• **Activity**:
Exactly the lines below from the line with "Islamic Republic of" through the line with "Nature Made Digestive" must make up the answer, both ends included and pictures left out.

• **Exercise input**:
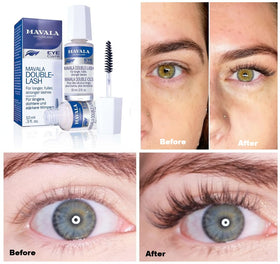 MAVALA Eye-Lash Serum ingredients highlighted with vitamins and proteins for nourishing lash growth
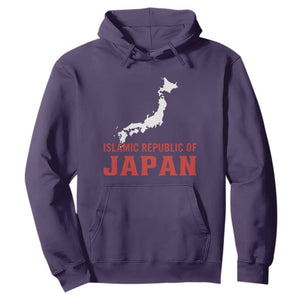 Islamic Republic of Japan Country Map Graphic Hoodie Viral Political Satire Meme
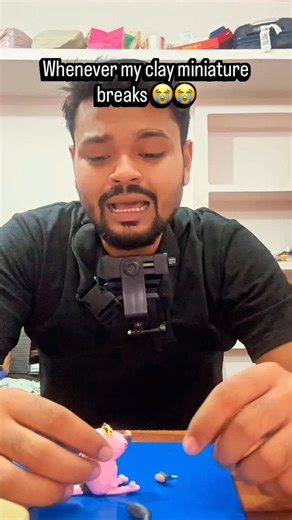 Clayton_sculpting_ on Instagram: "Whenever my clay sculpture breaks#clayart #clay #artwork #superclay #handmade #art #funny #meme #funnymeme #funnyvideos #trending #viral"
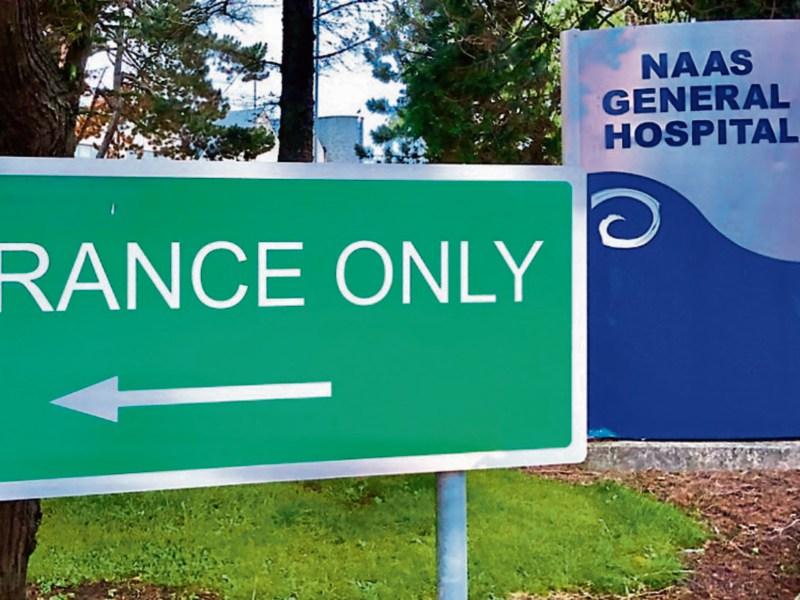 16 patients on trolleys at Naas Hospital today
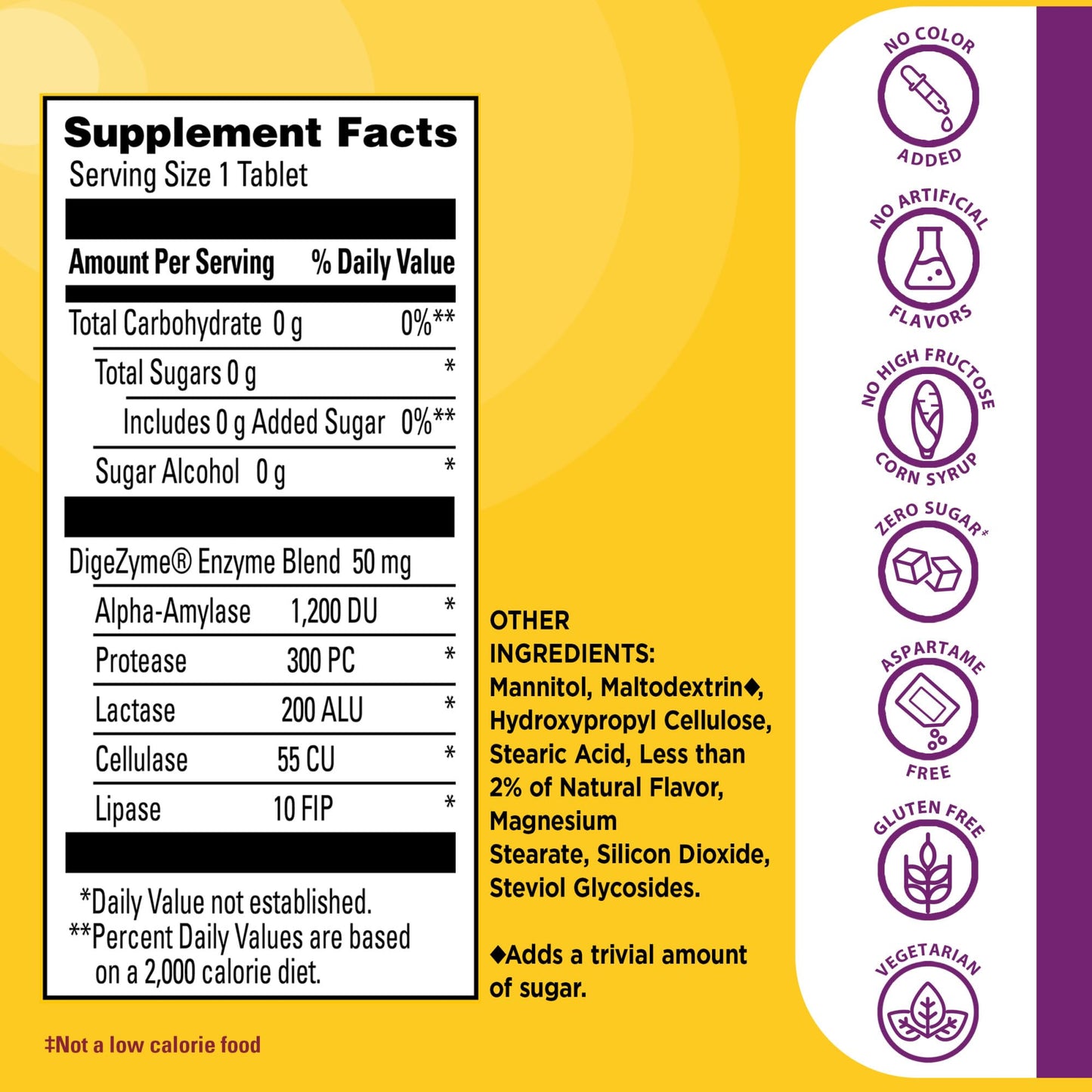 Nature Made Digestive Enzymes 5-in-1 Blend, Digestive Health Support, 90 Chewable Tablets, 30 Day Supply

* * *

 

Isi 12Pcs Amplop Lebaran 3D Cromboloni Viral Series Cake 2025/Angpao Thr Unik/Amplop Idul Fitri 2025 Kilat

• **Written answer**:
 Islamic Republic of Japan Country Map Graphic Hoodie Viral Political Satire Meme
 Clayton_sculpting_ on Instagram: "Whenever my clay sculpture breaks#clayart #clay #artwork #superclay #handmade #art #funny #meme #funnymeme #funnyvideos #trending #viral"
 16 patients on trolleys at Naas Hospital today
 Nature Made Digestive Enzymes 5-in-1 Blend, Digestive Health Support, 90 Chewable Tablets, 30 Day Supply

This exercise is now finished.